[vivace-graph-devel] elephant

Wed Sep 14 20:01:29 UTC 2011

Comments inline below.

> Even with MMAPing there is there not still some significant overhead
> associated with deserializing the MMAPPed data to something lispy?

Yes, for persistence, this is unavoidable;  the solution is heavy 
caching and interning of strings (VG already does this).  I started work 
on some code a long time ago that worked like this:

One mmap'ed linear hash file per graph, with the triple-id as hash key. 
  The value slot is an offset (integer) into another mmap'ed file (or 
files) which is the actual triple storage area.  Because triples are 
never truly deleted, only a simple memory allocator is needed for the 
triple storage file (append only).  For indices, use some b-tree variant 
(possibly start with cl-btree: http://www.cliki.net/cl-btree or a 
b-trie: http://www.naskitis.com/naskitis-vldbj09.pdf) that maps keys to 
triple-ids.  So a non-cached lookup via triple-id would hit the mmap'ed 
hash table, get an offset into the triple storage area, deserialize the 
triple into the cache and return the struct (or vector if we want to be 
really efficient).  A search via an index would return a triple-id, 
which would hit the cache and return the triple or pass through to the 
hash table and repeat the deserialization process described above. 
AllegroGraph will use up as much memory as is available for caching, and 
with good reason;  the more triples we keep in memory, the less 
slow-down we get.  We might even have two layers of cache:  cache 
triples themselves, as well as queries that map to offsets in the data 
file or to triple-ids.  Also, since the hash table will be fairly small 
(integers -> integers), loading the whole thing into memory should be 
possible.

>> its complexity.  VG does not need the level of complexity or abstraction
>> that you get with elephant's indexes and class redefinition logic.
>
> Naively, I would expect the MOP stuff to be a factor. Is it?

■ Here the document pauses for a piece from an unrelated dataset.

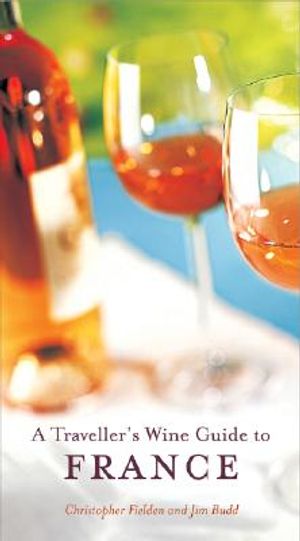 A Traveller's Wine Guide to France image number 0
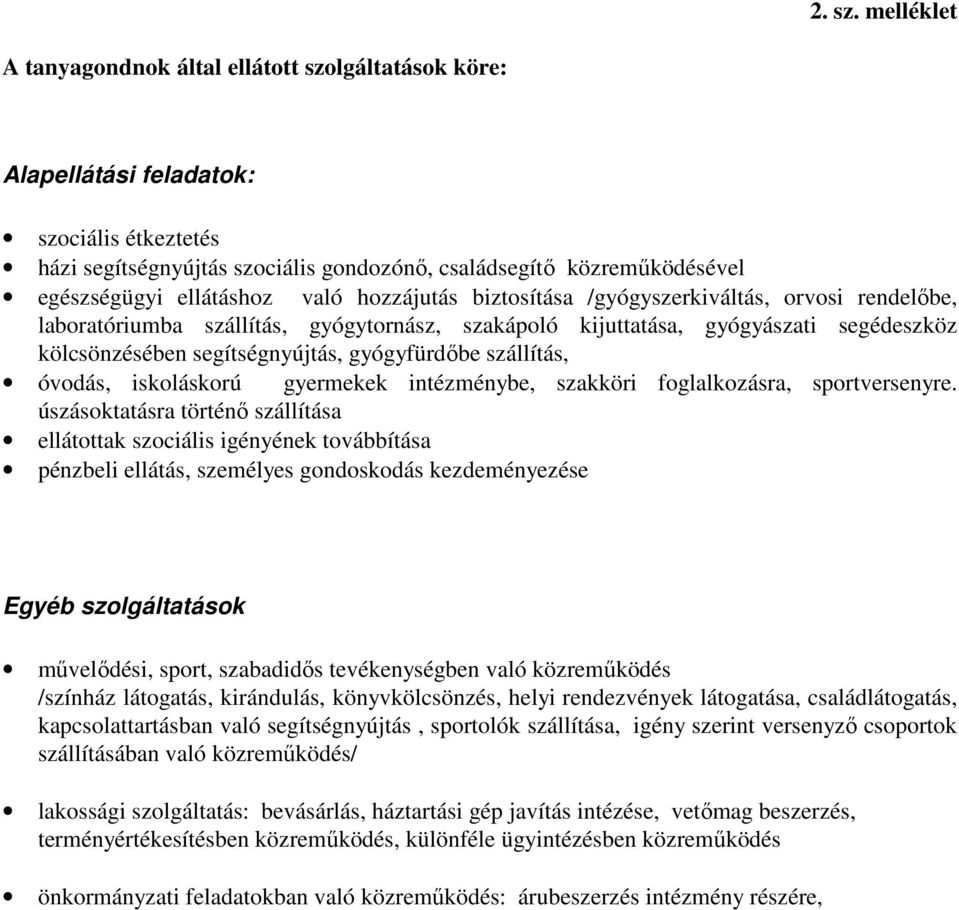 ellátáshoz való hozzájutás biztosítása /gyógyszerkiváltás, orvosi rendelıbe, laboratóriumba szállítás, gyógytornász, szakápoló kijuttatása, gyógyászati segédeszköz kölcsönzésében segítségnyújtás,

Yes, who needs the MOP in this circumstance?  I would prefer triples to 
be stored in memory as vectors (using the args to defstruct to force the 
use of vector storage) for the sake of efficiency.

>> In our
>> case, we are dealing with one class, the triple, and as such, we can be very
>> specific about how we store and index it as well as how we deal with it in
>> memory.  Standard b-trees simply won't efficiently handle the fanout of a
>> large triple store;  we need something specifically tuned to our purpose.
>
> Why not?

Think about what a triple really is:  each S, P or O is a completely 
unique thing in the database.  For the triple (Kevin likes cats), three 
symbols are created: 'Kevin, 'likes, and 'cats.  Another triple, say 
(Kevin likes dogs) only creates one new symbol: 'dogs.  There are not 
now two 'Kevin's in the db, but two triples that reference that one 
symbol.  When indexing something like this in a btree, each symbol is a 
node in the tree, and each level of the btree would correspond to a slot 
in the triple;  for example, to index in order of subject, predicate, 
object, the tree would be structured as

      S
     / \
    P   P
   / \   \
  O   O   O

Because nodes don't repeat and are atomic symbols, traversing the tree 
would be a linear search at each level.  In a b-trie 
(http://www.naskitis.com/naskitis-vldbj09.pdf), you could effectively 
string the S, P and O together and create more reasonably branching 
search paths.  For example, to index the two triples mentioned above 
with a third, (Kevin loves pizza), you would have a tree like:

                             K
                            /
                           E
                          /
                         V
                        /
                       I
                      /
                     N
                    /
                   L
                  / \
                 I   O
                /     \
               K       V
              /         \
             E           E
            /             \
           S               S
          / \               \
      CATS   DOGS            PIZZA
        /     \               \
       ID     ID               ID

This would also allow for substring matching in a very simple way.  Read 
the paper for more details and a comparison to B+ trees.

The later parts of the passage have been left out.